Task requirements
Set down the final stretch of the data, from the line that holds "Double Beach Chair" through the last line, both included, with pictures left out.

Exercise data
__________________________________________________

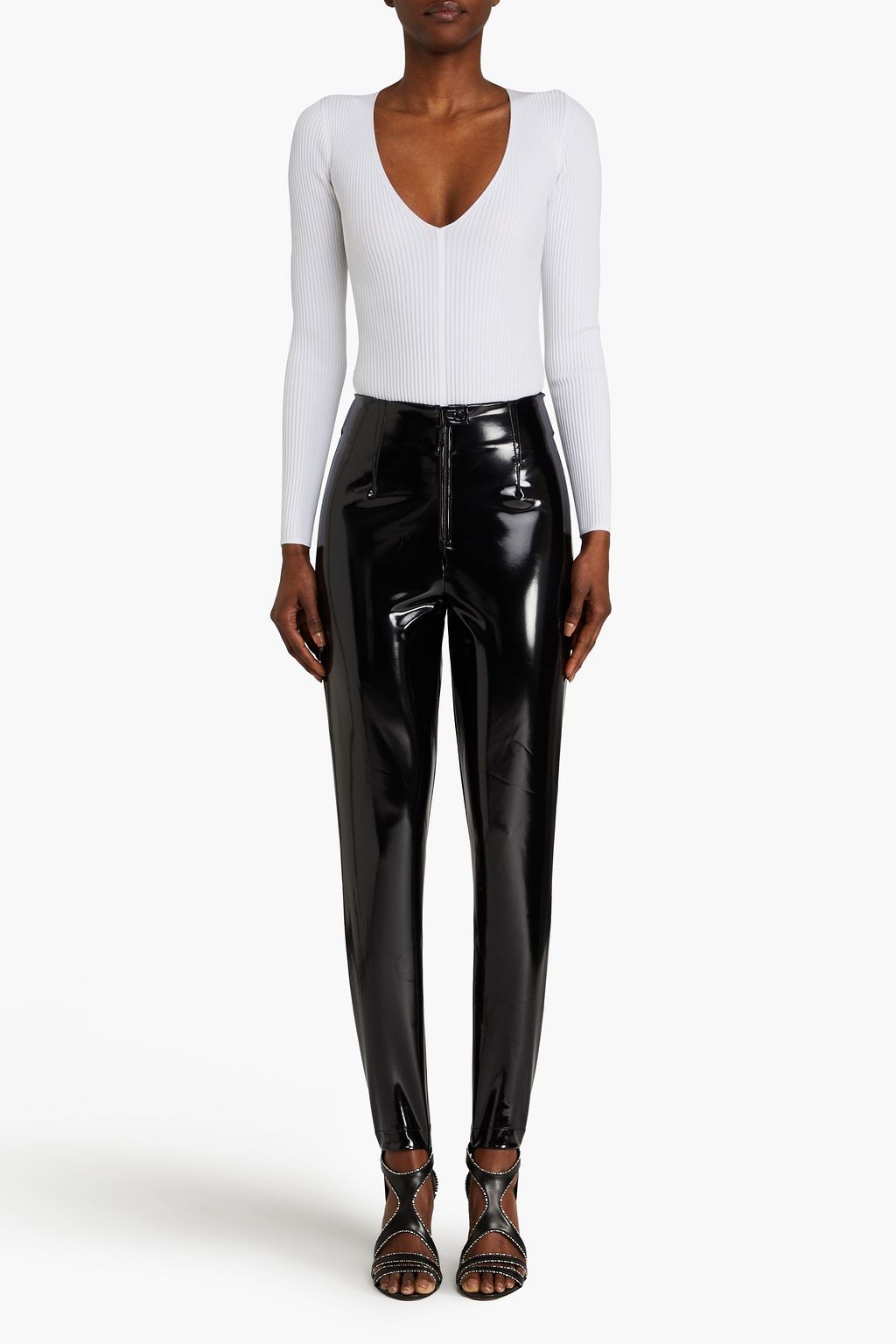 ALAÏA Vinyl stirrup skinny pants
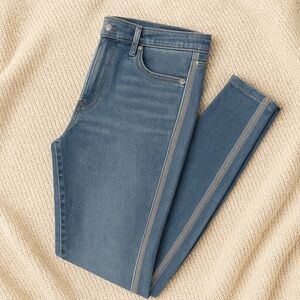 Sam Edelman Light Wash Skinny Jeans - Soft Metallic Silver Side Stripe – Size 28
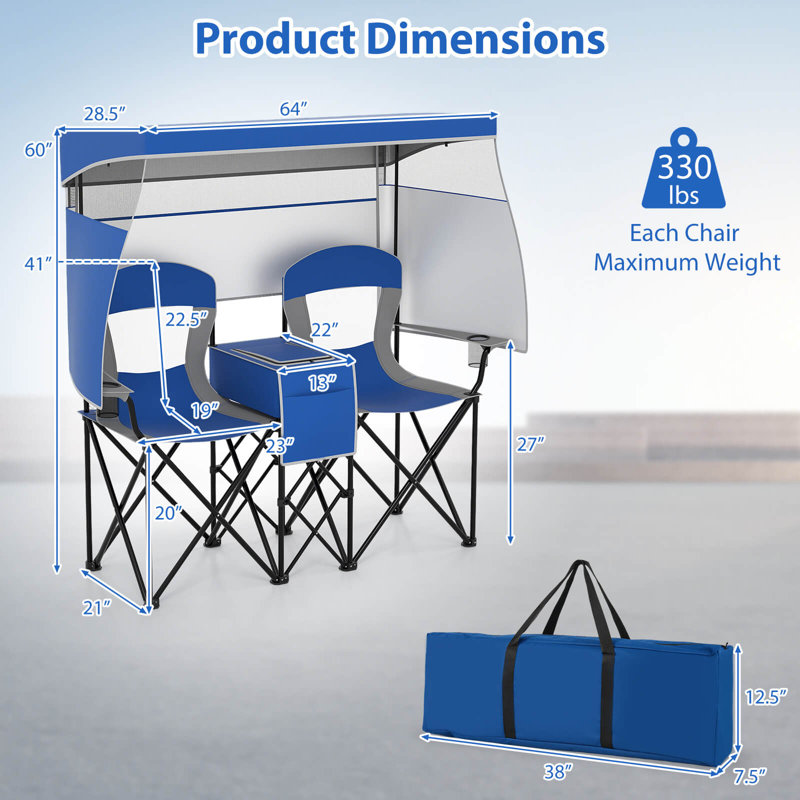 Double Beach Chair with Adjustable Canopy Oversized Folding Camping Chair Navy, Navy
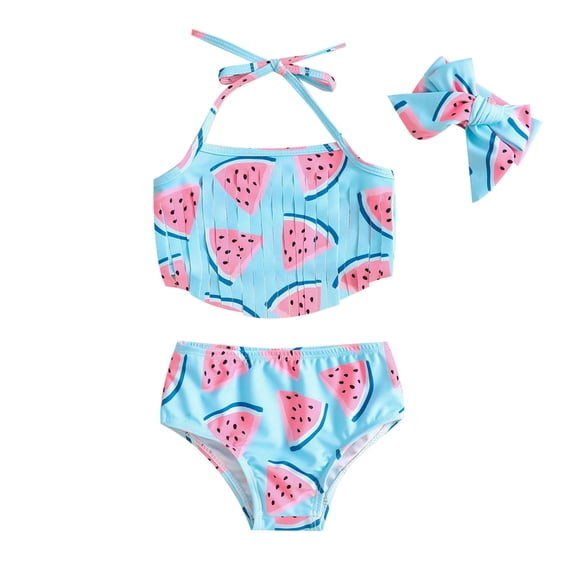 DHFJKG Baby Girls Swimsuits Newborn Infant Bathing Suit Watermelon Print Halter Top With Shorts Bow Headband 3PCS Swimwear Outfit Stylish Beachwear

__________________________________________________

Result of the task
 Double Beach Chair with Adjustable Canopy Oversized Folding Camping Chair Navy, Navy
 DHFJKG Baby Girls Swimsuits Newborn Infant Bathing Suit Watermelon Print Halter Top With Shorts Bow Headband 3PCS Swimwear Outfit Stylish Beachwear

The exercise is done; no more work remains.